Stored data |
────────────────────────────────────────

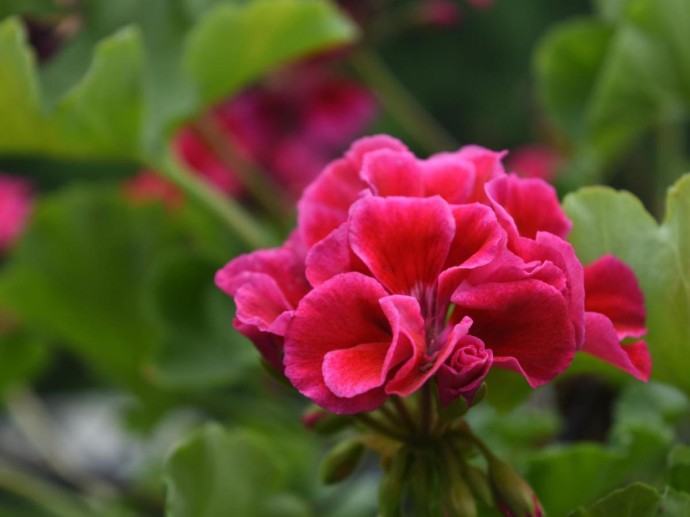 Зимовка герани в помещении требует пересадки и солнечного места — агроном Маттус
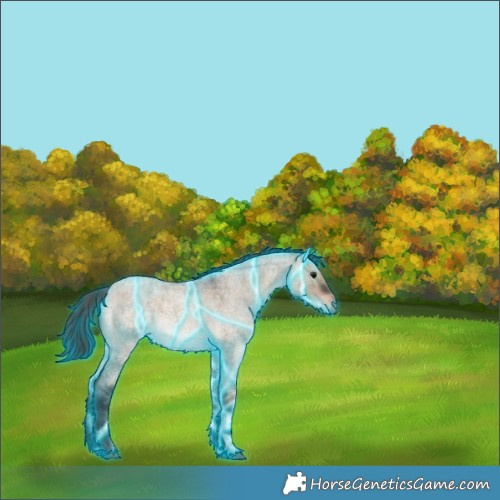 Horse Color:Thunderstruck Bay Roan Dun Rabicano 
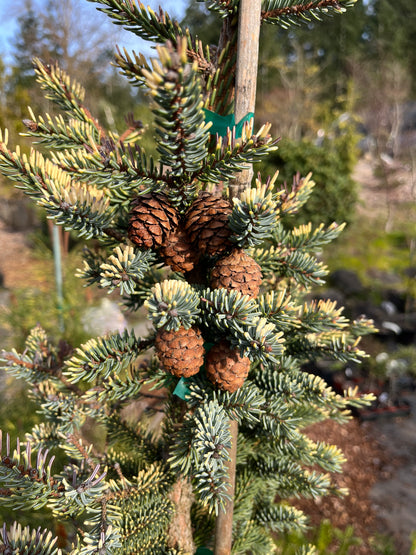 Aureovariegata Variegated Golden Black Hills Spruce Conifer Tree - Live Plant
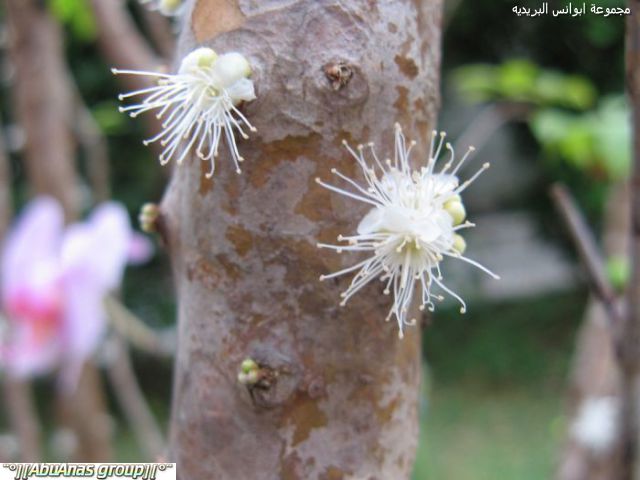 ��������� 3732alsh3er.jpg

────────────────────────────────────────

Exercise aim |
Print every line of the data exactly. Pictures do not belong in the copy.

Response |
 Зимовка герани в помещении требует пересадки и солнечного места — агроном Маттус
 Horse Color:Thunderstruck Bay Roan Dun Rabicano 
 Aureovariegata Variegated Golden Black Hills Spruce Conifer Tree - Live Plant
 ��������� 3732alsh3er.jpg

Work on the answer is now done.